A iniciativa é combatida pelo governo federal, que entente garantir o financiamento do AVS no contexto de uma ampla reforma da previdência através de um aumento do imposto sobre o consumo (TVA). Segundo o governo, o projeto da esquerda aumentaria a carga fiscal de muitos herdeiros, dado que atualmente somente três cantões taxam atualmente os descentes diretos e poderia forçar contribuintes ricos a deixarem a Suíça.

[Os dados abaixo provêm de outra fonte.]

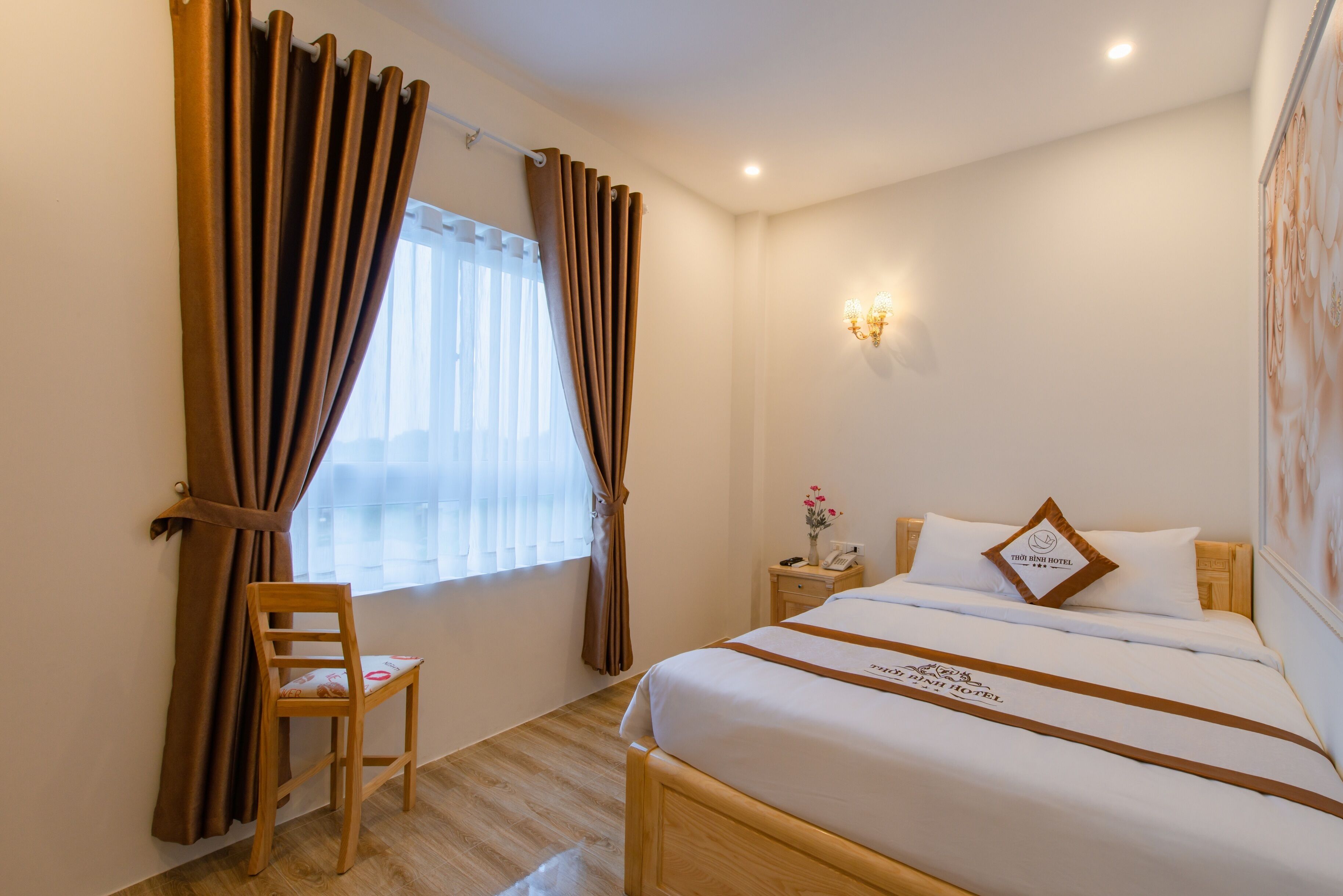 Quarto de hotel com cama, uma cadeira, mesa de cabeceira, luminária e janela com cortinas.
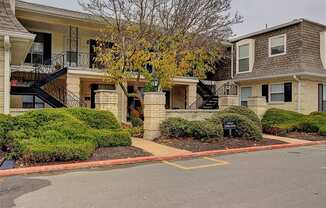 Exterior image of Deauville apartments with trees and bushes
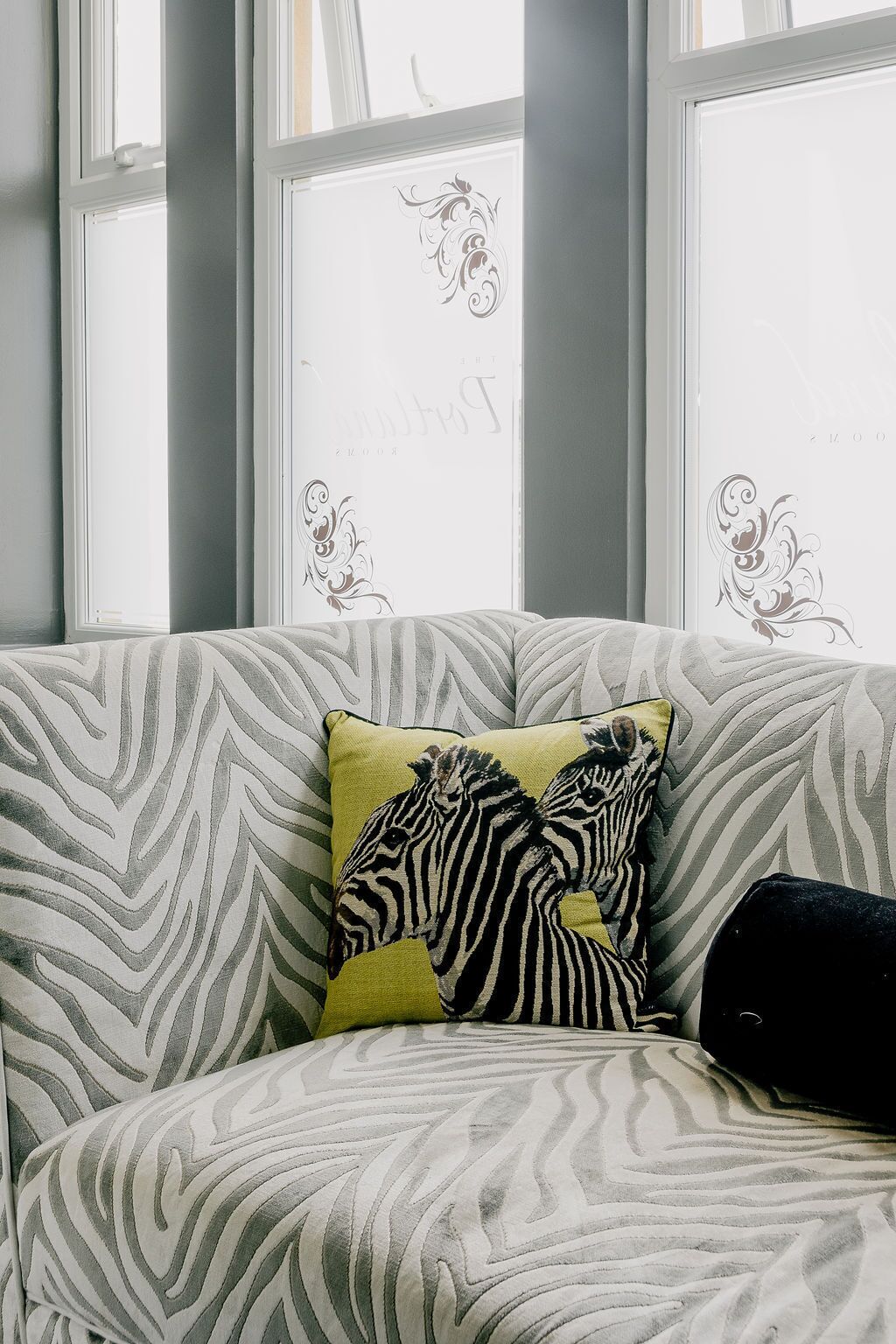 A sofa with a zebra pattern, a yellow pillow, and a black pillow.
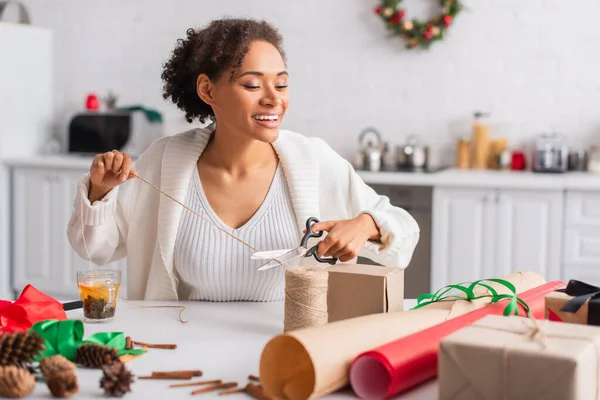 Positive african american woman cutting twine near decor and gifts at home — Stock Photo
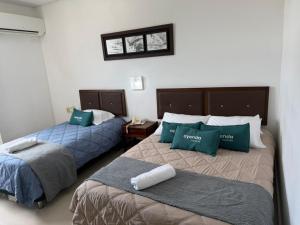 two beds in a hotel room with green pillows at Hotel LHM in Montería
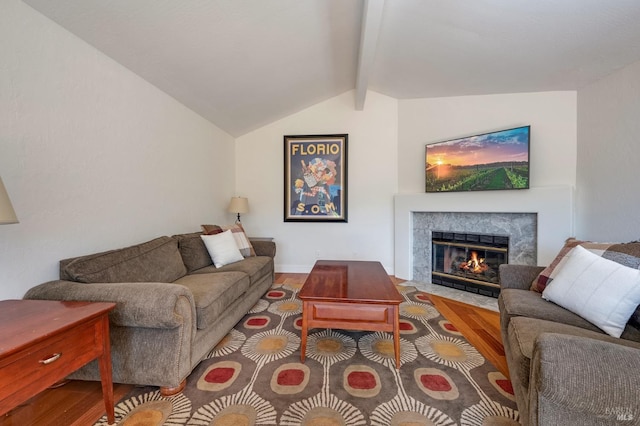 living room featuring a fireplace, vaulted ceiling with beams, and hardwood / wood-style flooring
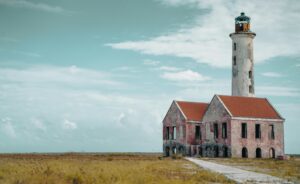 Klein Curaçao with white sandy beach, turquoise water, pink lighthouse, and shipwrecks along the shore.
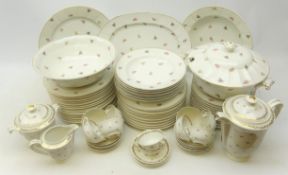 Limoges dinner service decorated with floral sprigs on plain ground comprising twenty-three dinner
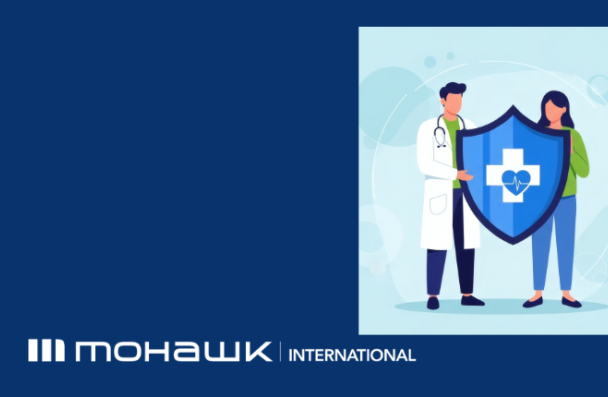 Two people holding a health symbol and Mohawk International logo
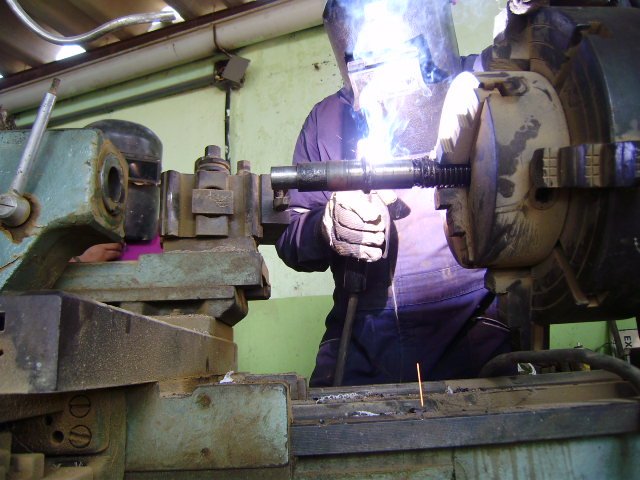 Persona trabajando en un torno mecánico, usando equipo de protección y soldando una pieza metálica.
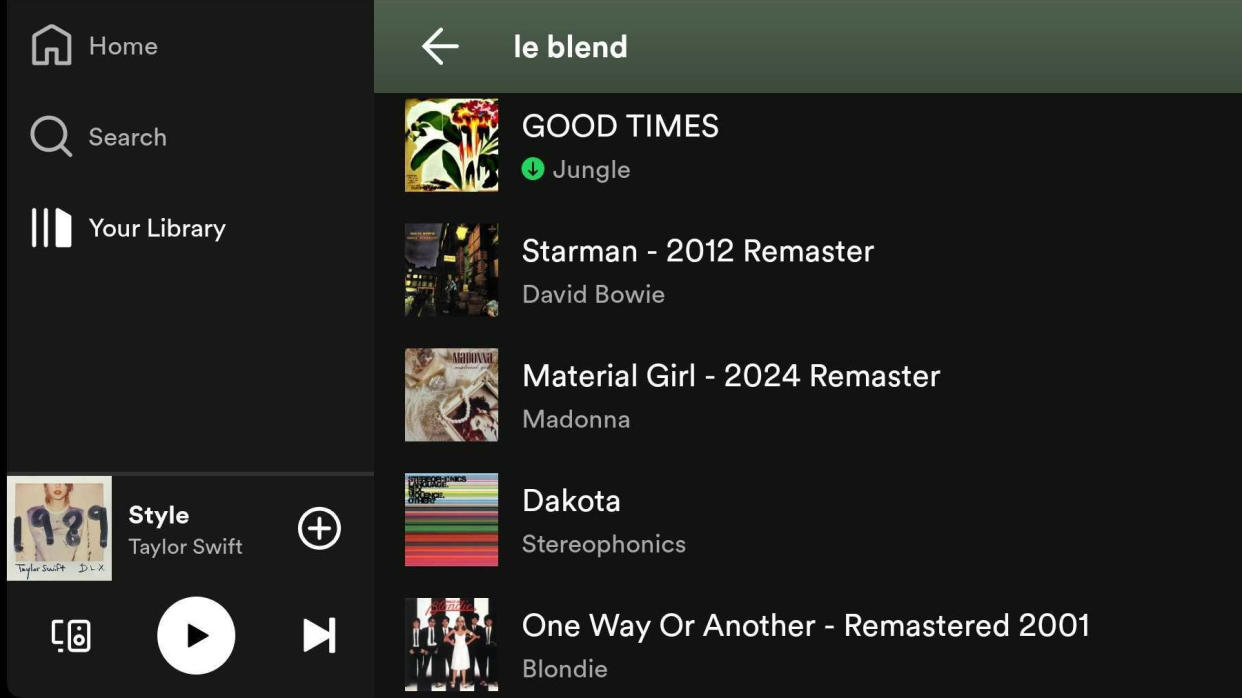 Screenshot of the Spotify Blend playlist with a selection of songs and artists. 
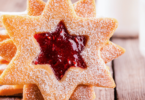 Sablés Linzer garnis de confiture de framboise, saupoudrés de sucre glace sur une assiette festive.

Apoiado nos diretores cantonais de finanças, o governo se opõe à transferência de competência à Confederação, que significaria uma ingerência na soberania dos cantões e reduziria a possibilidade de concorrência fiscal dentro do país. Além disso, o governo federal prevê, em geral, uma queda na receita fiscal dos cantões.

A crítica é rejeitada pelos promotores da iniciativa. “Essa proposta visa sobretudo financiar o AVS, uma instituição federal. Me parece lógico ter um sistema de financiamento federal e não cantonal. Se alguns cantões terão redução de receita, outros receberão mais do que recebem atualmente”, afirma Jean.Christophe Schwaab, deputado federal do Partido Socialista (PS). A seu ver, uma redução da concorrência fiscal e do turismo do imposto sobre a sucessões só pode beneficiar todo o país.

Empresas familiares ameaçadas

A soberania dos cantões em matéria fiscal é defendida pela maioria burguesa do Parlamento, que é claramente contra a iniciativa. Os representantes de centro e de direita criticaram a retroatividade do imposto sobre as doações, considerada contrária ao direito vigente. A seu ver, a proposta da esquerda é iníqua. Uma pessoa que herda 1,99 milhão de francos não pagaria imposto algum enquanto outra que herdasse 2,1 milhões pagaria 525 mil de impostos. 

Riqueza em poucas mãos

Conforme dados do fisco federal, apenas 2% dos contribuintes possuem mais de 2 milhões de francos suíços (sem considerar os haveres acumulados na caixa de pensão).

1% da população detém 40% da riqueza nacional. Os 2% mais ricos detém 50%.

26% da população não têm patrimônio algum e 50% possuem menos de 50.000 francos suíços.

De acordo com a oposição, o novo imposto aumentaria a carga fiscal na Suíça,  comprometendo a praça econômica. “A Suíça está entre os poucos países europeus que aplicam ainda o imposto sobre o patrimônio. Se a iniciativa for aprovada pelos eleitores, deveremos suportar uma tripla imposição: imposto de renda, sobre o patrimônio e sobre as sucessões”, declara Jean-François Rime, deputado federal do Partido do Povo Suíço (SVP, na sigla em alemão).

Rime preside a União de Artes e Ofícios (USAM), que representa os interesses das pequenas e médias empresas e considera que a iniciativa ameaça o futuro de muitas empresas familiares. “A introdução de um alíquota de 20% aplicada aos descendentes diretos pode complicar muito as sucessões familiares. Para pagar o imposto, muitos herdeiros serão obrigados a vender a empresa ou deixar de fazer investimentos por muito tempo”.

Disparidade chocante

Jean Christophe Schwaab defende a iniciativa. “O texto indica claramente que a alíquota  de 20% será reduzida para aqueles que herdam as empresas ou fazendas e continuem a sua atividade durante pelo menos 10 anos. A tarifa deverá ser fixada na lei de aplicação. Vale lembrar que, se poucos países taxam o patrimônio e as sucessões, a carga fiscal na Suíça permanece uma das mais baixas da Europa.”

O deputado federal socialista acrescenta que “na Suíça a desigualdade é crescente e pode comprometer não somente a coesão social mas também o desenvolvimento econômico. Essa disparidade é ainda mais chocante em um país rico como o nosso, onde muitas pessoas que trabalham e muitas famílias precisam recorrer a ajuda social para fechar o mês. A iniciativa é particularmente equitativa porque pretende taxar apenas as sucessões milionárias para reforçar a aposentadoria mínima (AVS), a instituição social mais sólida e solidária da Suíça”.